I have been working on a problem in queuing theory, and in order to understand the steady state behaviour, I have obtained a PDE. The equation is
$(\mu + 2\lambda)f(x, y) + \displaystyle\frac{\partial f}{\partial x} + \displaystyle\frac{\partial f}{\partial y} = \lambda \bigg(f(x, w_{c}) + f(w_{c}, y)\bigg) + \mu\lambda^{2}\int_{x}^{w_{c}}\int_{y}^{w_{c}}f(u, v)dv du$
Here, $\mu$, $\lambda$ and $w_{c}$ are all positive constants, and $0\leq x$, $y\leq w_{c}$.
$f(x, y) = 0$ $x > w_{c}$ or $y > w_{c}$. Also, only solutions where $f(x, y) \geq 0$ make sense.
I have attempted a power series expansion of $f(x, y)$ to see if I can obtain the coefficients of the series, but I just get stuck with a double-indexed linear recurrence.

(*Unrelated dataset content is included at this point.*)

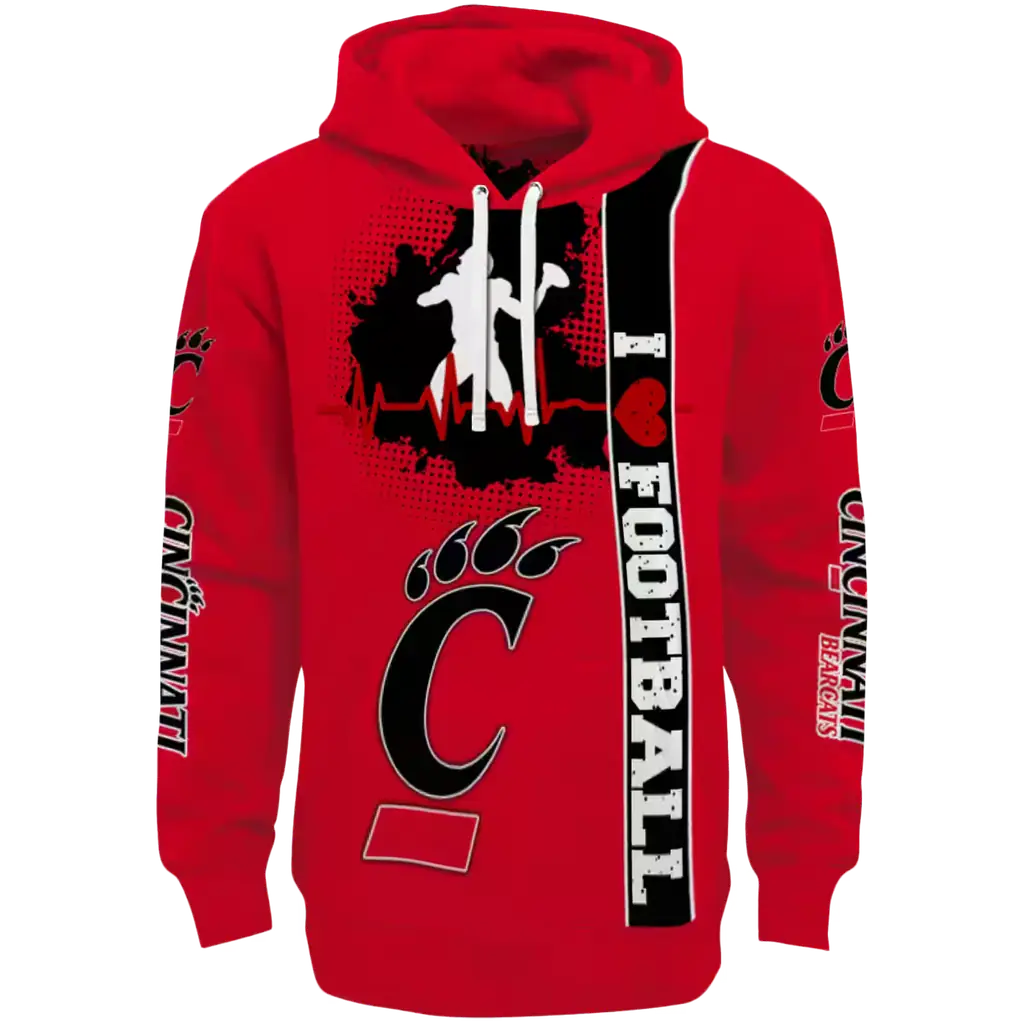 cincinnati bearcats football heartbeat red hoodie best selling cincinnati bearcats football heartbeat red hoodie best selling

Using a 2-D Laplace transform has also not made it any simpler.
Any advice would be greatly appreciated! If you have come across a problem like this, please let me know.
EDIT
In case anyone can solve this, or suggest an approach:
The recurrence relation that I obtained from the PDE was as follows -
$$(\mu + 2\lambda)c(i+1, j+1) + c(i+2, j+1) + c(i+1, j+2) = \mu\lambda^{2}c(i, j) \hspace{4mm} \forall i, j \geq 0$$
Also,
$$(\mu + \lambda)c(i, 0) + c(i+1, 0) + c(i, 1) = 0 \hspace{4mm} \forall i\geq 1$$
and $$\mu c(0, 0) + c(1, 0) + c(0, 1) = 0$$
$c(i, j)$ is symmetric in $i$ and $j$.
I have tried out a geometric solution to the recurrence, but it does not seem to work. A 2D Z-Transform gives 2 polynomial equations in 2 variables, and leads nowhere.
I have run out of options to try, and cannot resort to numerical solutions. Please advise!